Social influencers are huge in the fashion and lifestyle sectors, and it’s about time other industries looked at harnessing their reach.
Working together is mutually beneficial – the brand gains exposure, and the influencer receives free products or services, and sometimes commission or a cash incentive too.
To harness the power of social influencers for your business, find accounts that are followed by your target audience. This is crucial – there’s no benefit in reaching thousands of followers if they have no interest or need for your products or services. Once you’ve got a shortlist of desirable influencers, reach out to them to find out what they want in return for promoting your brand.
Having built something from nothing, many business owners find it hard to let go and hand over control when upscaling. It’s understandable, but micro-managing will hold back the people you employ to make life easier. Also, taking on too much for yourself will – as discussed above – take you away from the strategy side of running the business.
As hard as it may be, delegation is essential if you’re looking to expand. Ensure you have a framework that clearly outlines each employee’s responsibilities, and encourage communication between all levels to keep things running smoothly.
Selling something? Make sure it’s accessible to your customers. If you have no clear system for getting your products to them, prospective buyers will go elsewhere.
In February 2017, the UK spent an average of £1 billion a week online. Having a bricks-and-mortar shop no longer means trouble for small businesses as the online marketplace continues to expand, and more shoppers are spending money on their smartphones.
If your business relies on product sales, consider selling online. Amazon, eBay, and smaller, more niche marketplaces (such as Etsy), give small retailers access to a whole world of shoppers. Going online with e-commerce puts you in front of a wider audience; however, as technology advances, your customers will become easily frustrated if your systems aren’t up to date. Make sure your website and other marketplaces are integrated for a smooth customer experience that won’t put potential buyers off making a purchase.
One of the most widely acknowledged problems that faces growing start-ups is keeping on top of operations and admin. As your business expands, so does the amount of administrative work, giving you less time to focus on strategy, and ultimately, less time making money.
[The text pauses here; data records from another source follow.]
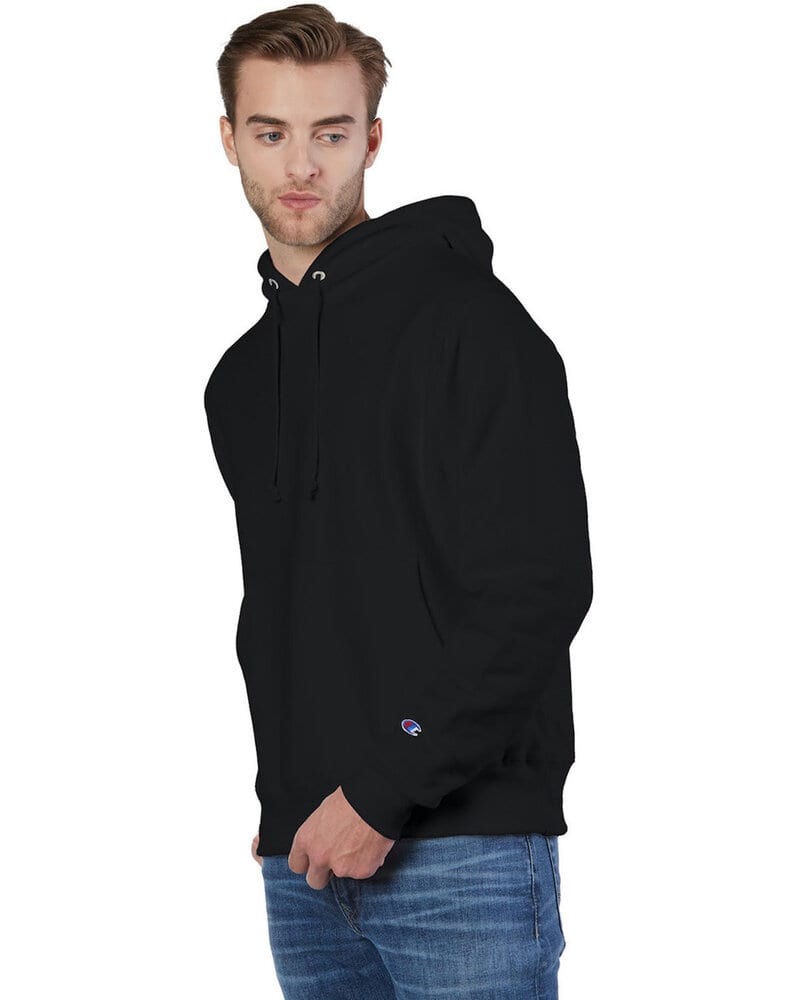 Champion S101 - Reverse Weave® Hooded Sweatshirt | Wordans Canada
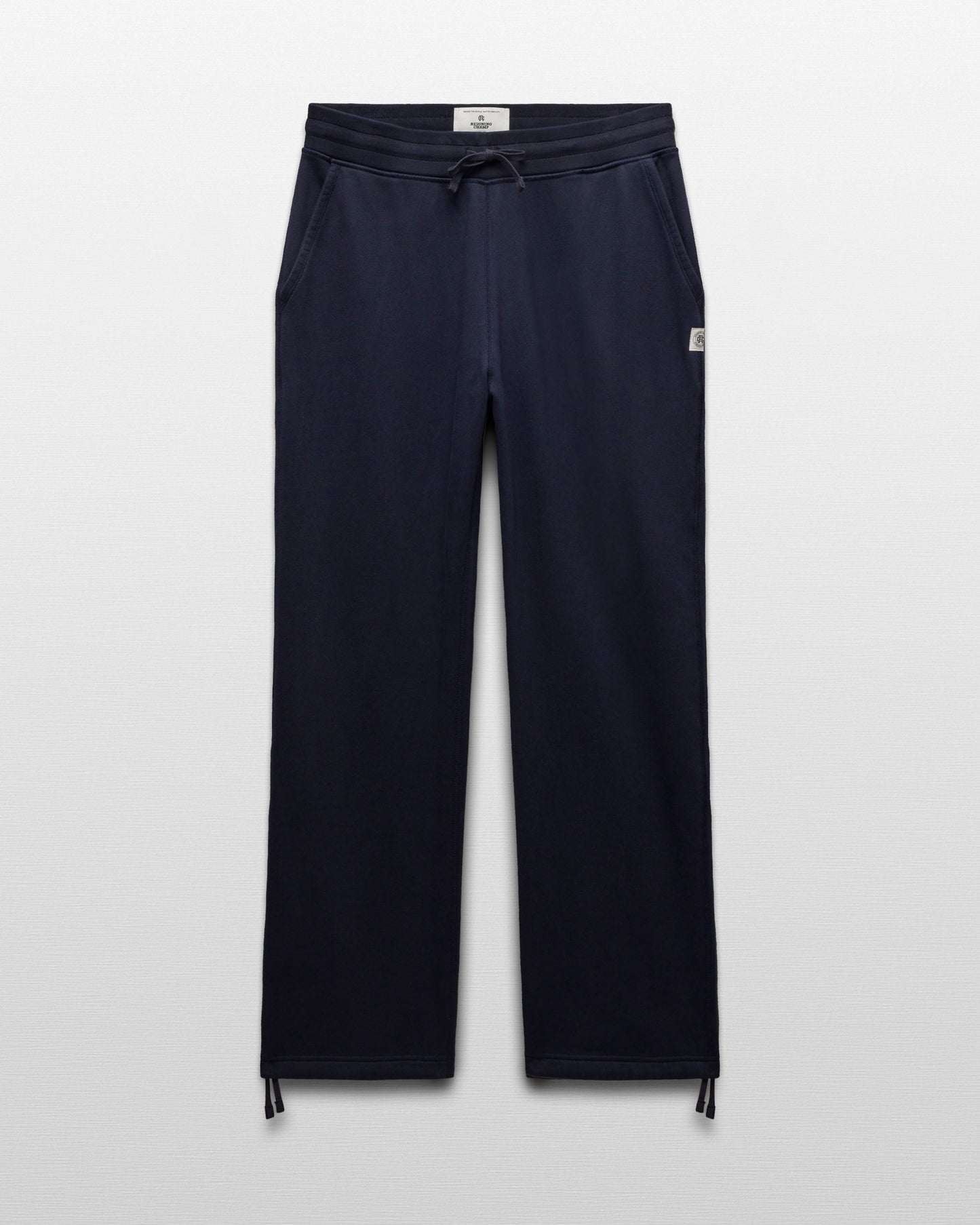 Midweight Terry Relaxed Sweatpant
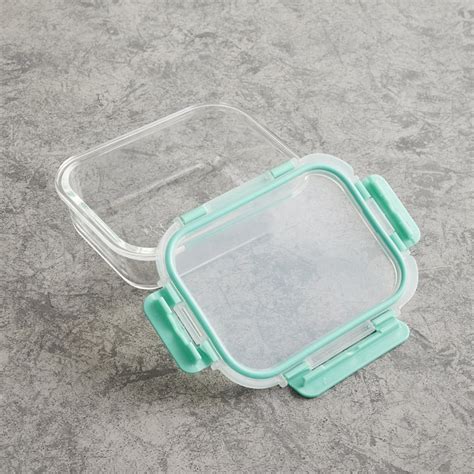 Buy Palestine Glass Food Storage Container from Home Centre at just INR ...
Outsourcing is an effective way to tackle those tasks that get in the way of day-to-day business. It can be far more affordable than expanding your workforce, and the right company will get to know your business as well as you do, so that they can handle everything, exactly how you would want them to.
Consider outsourcing in these areas:
When competing against the big industry names, use your size to your advantage. You may not have the funds, audience or experience that they do, but you have a far greater opportunity to be agile. As trends emerge, you have the freedom to be far more reactive than your larger competitors, and this is something you should strive to keep as you expand.
If you’re concerned that your business is too small to impress big potential clients, consider leasing office space in a busy, desirable location, or set up a virtual office for your company address and outsourced phone calls. You should also amplify any work you’ve done for big clients in the past, as this will make you look more established to those looking to work with you.
Whether you aim to expand or simply take on bigger business opportunities, don’t fall into the trap of continuing as you are. Expanding beyond your means without the necessary preparation could be detrimental to your business’ future. By taking these measures beforehand, you can ensure your business is ready to take new challenges in its stride.